The total retail market in India is estimated to be worth Rs 63 lakh crore, of which 95% buying happens through offline formats, according to Devangshu Dutta, founder, Third Eyesight.
Having started as an online-only brand in 2013, Pee Safe launched its first exclusive store in India in February, 2021. The personal hygiene brand currently operates a store each in Gurugram, Bengaluru and Ahmedabad; and plans to launch 50 offline stores in the next 12 months. “There is a strong demand for personal hygiene and wellness products in the offline market. Hence, opening exclusive outlets is a crucial element of our growth strategy,” says Srijana Bagaria, co-founder and director, Pee Safe. These exclusive brand outlets (EBOs) will be launched through the franchise-owned and franchise-operated (FOFO) model.
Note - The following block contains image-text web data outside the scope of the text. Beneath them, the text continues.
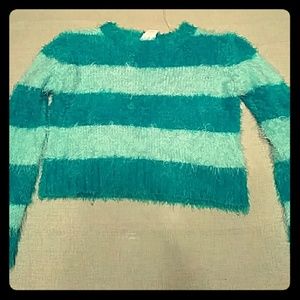 Girls teal short sweater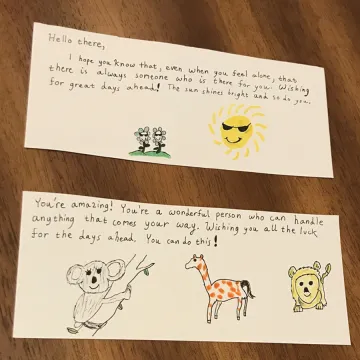 Encouragement notes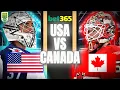 HELLEBUYCK vs BINNINGTON 4 NATIONS FINAL Starting Goalies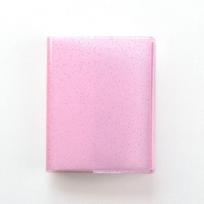 Modern Photocard Binder With Glitter Finish For 32/64 Pocket Card Preservation 3in（64 Pockets） rožinė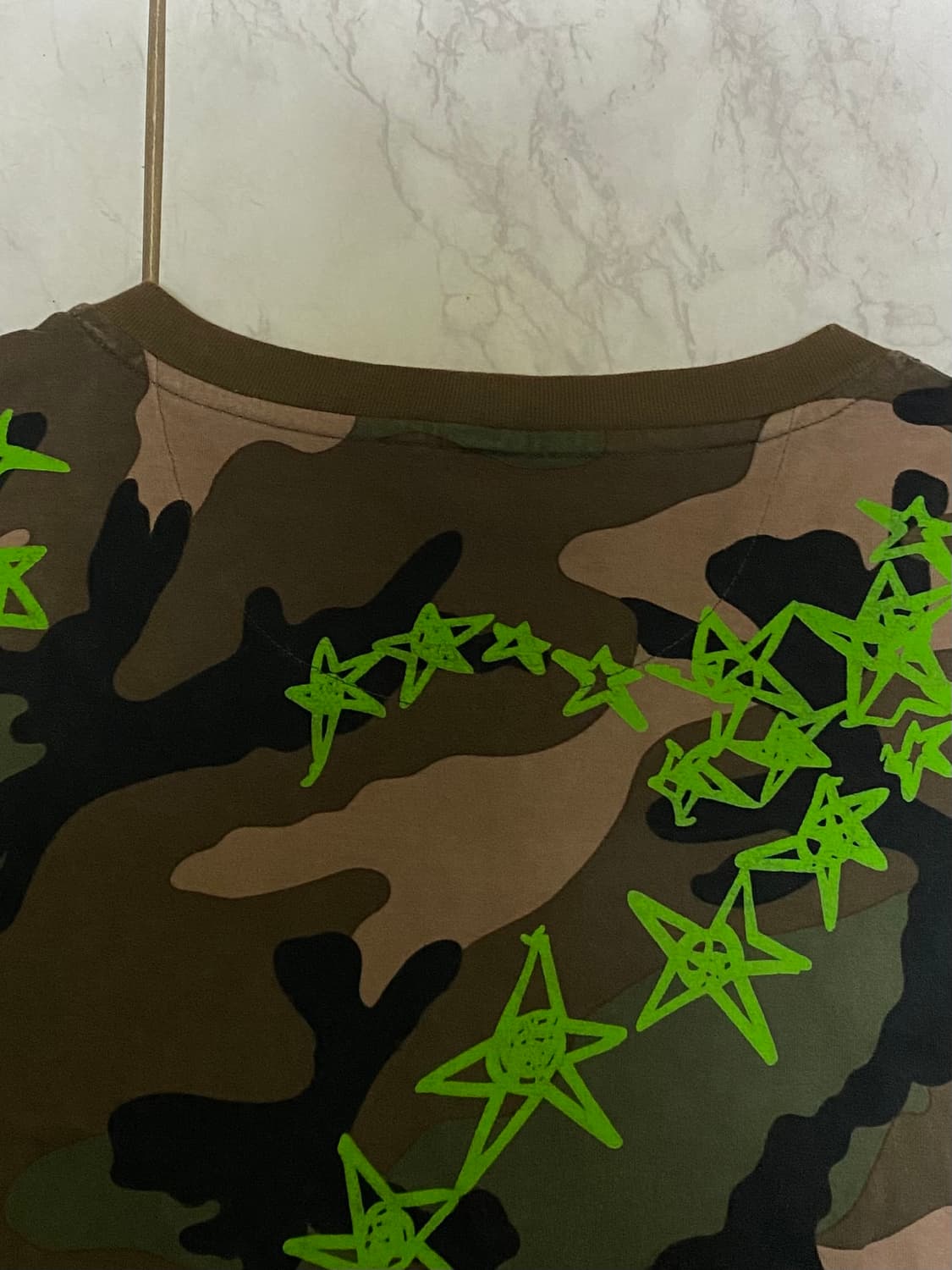 발렌티노 카모 반팔 티셔츠 사이즈 100 상품이미지5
Online ethnic wear brand Libas, meanwhile, unveiled two brick-and-mortar stores in New Delhi in September, 2021. The brand has an ambitious target of 200 more stores by 2025 in malls and high streets across metro and tier II cities. A click-and-collect facility will be operational soon, says Sidhant Keshwani, managing director, Libas. “We are aiming for our offline market share to be 25% in the coming two years,” he adds.
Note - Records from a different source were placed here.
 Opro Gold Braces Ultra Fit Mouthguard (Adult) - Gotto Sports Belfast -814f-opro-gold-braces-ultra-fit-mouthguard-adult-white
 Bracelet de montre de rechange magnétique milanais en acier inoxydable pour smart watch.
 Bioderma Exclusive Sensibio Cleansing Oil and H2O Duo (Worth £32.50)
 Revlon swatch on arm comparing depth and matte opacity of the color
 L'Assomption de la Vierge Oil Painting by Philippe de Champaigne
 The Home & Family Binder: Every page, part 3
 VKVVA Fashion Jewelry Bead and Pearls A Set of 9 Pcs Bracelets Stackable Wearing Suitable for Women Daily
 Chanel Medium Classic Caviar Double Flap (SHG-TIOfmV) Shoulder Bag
The brand offers a range of wedding and occasion wear, as well as ready-to-stitch fabrics exclusively in its offline stores. Soon, it also plans to foray into the kidswear and menswear categories, as well as home décor.
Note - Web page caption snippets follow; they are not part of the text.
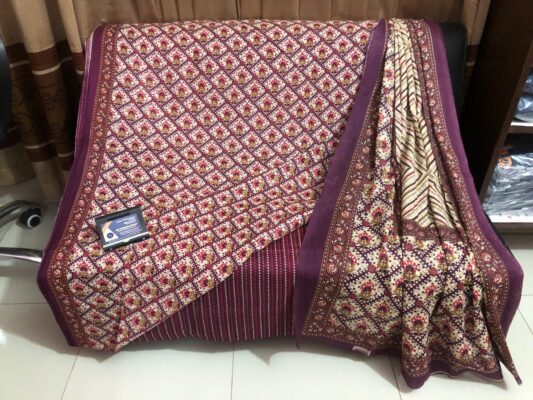 Patel Jaypuri Bouquties Three-Piece | Premium Jaypuri Cotton Boutique Dress | Elegant Printed Collection | RR Fashion World - Image 3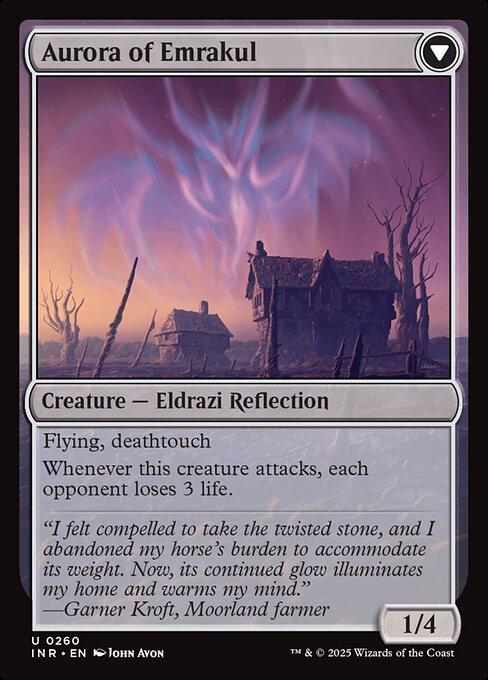 Cryptolith Fragment / Aurora of Emrakul (back)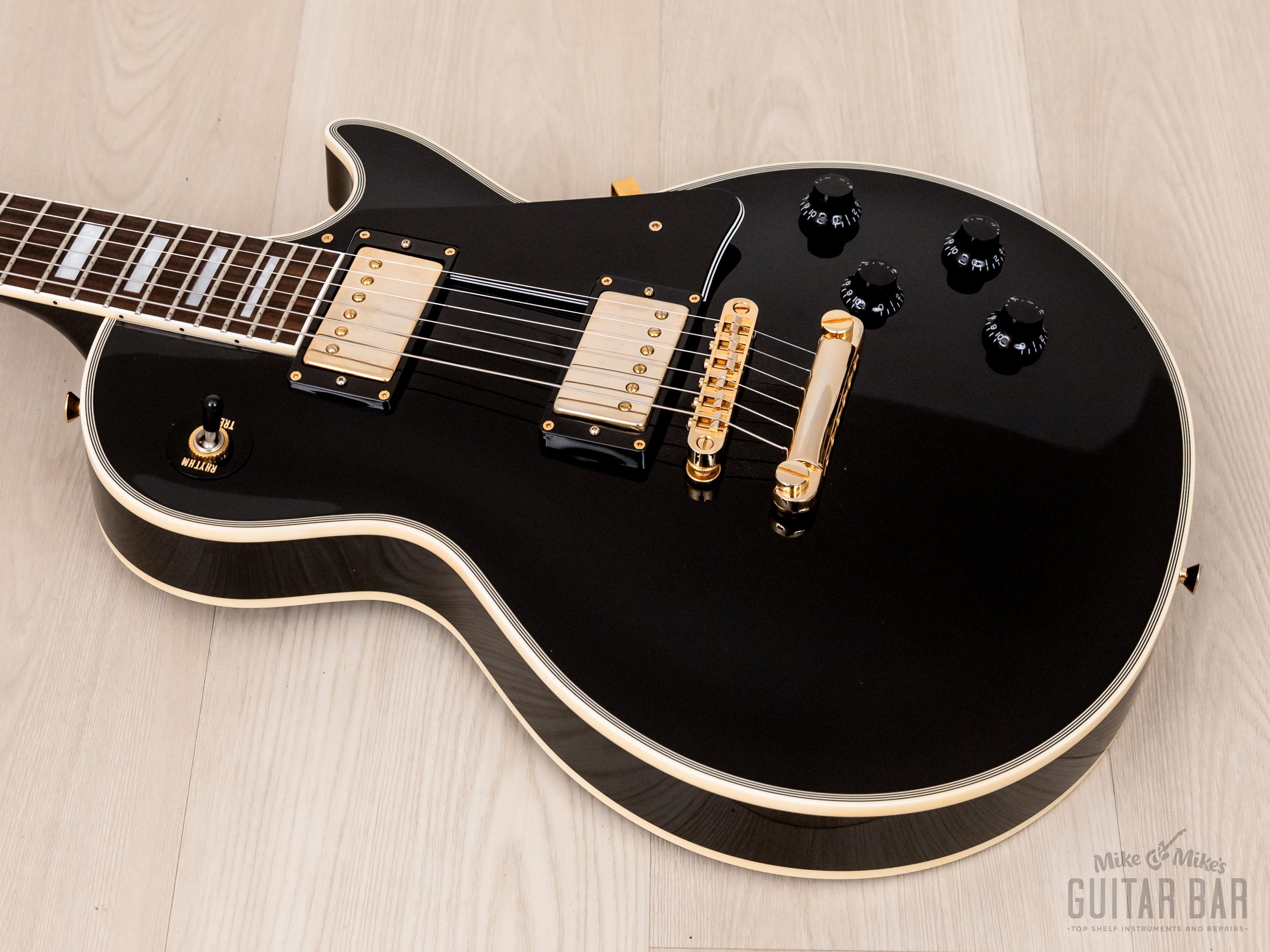 2009 Burny RLC-85 Custom Black Beauty Mahogany Top w/ Hangtags, Japan Fernandes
Beauty brand Plum, which has been retailing online since 2014, launched its first store in Mumbai in October, 2021. Plum’s founder and CEO, Shankar Prasad, says the goal is to take the store count to 50 by 2023, and for EBOs to contribute “10-20% of our total sales in two-three years”.
Jewellery brand Melorra extended its presence offline back in December, 2020. “We have been growing 200% year-on-year; we expect to post even stronger numbers this year with the addition of offline stores. We are looking to touch $1 billion in revenue in five years,” says the company’s founder and CEO, Saroja Yeramilli.
A good step?
Analysts say that the move to offline retail makes sense for digital-first brands in categories where experiencing the product is an important driver for purchase. “D2C players have so far done a great job of owning the consumer journey which is largely online. They now see that for the next wave of growth and penetration, they need good representation in a larger set of touchpoints,” says Rachit Mathur, partner and MD, BCG.
However, online is likely to remain the primary revenue stream for these digital-first brands. “Brands such as Lenskart, Nykaa and FirstCry have done a great job in driving strong retail presence and viable productivity, but continue to have a higher bias of online sales,” Mathur notes.
D2C brands could perhaps try a mix of formats for an offline foray, from EBOs to a presence in departmental stores, or even small SIS (shop-in-shop) counters in shopping centres. But brands would need to be cognisant of the fact that consumers behave differently depending on the shopping environment they are in. Hence, the interface, service offering, and even the product mix may have to be tweaked. “Simply bringing in technology into an offline environment just because you are an online-first brand may do nothing to enhance the consumer experience, and may even detract from it,” Dutta says.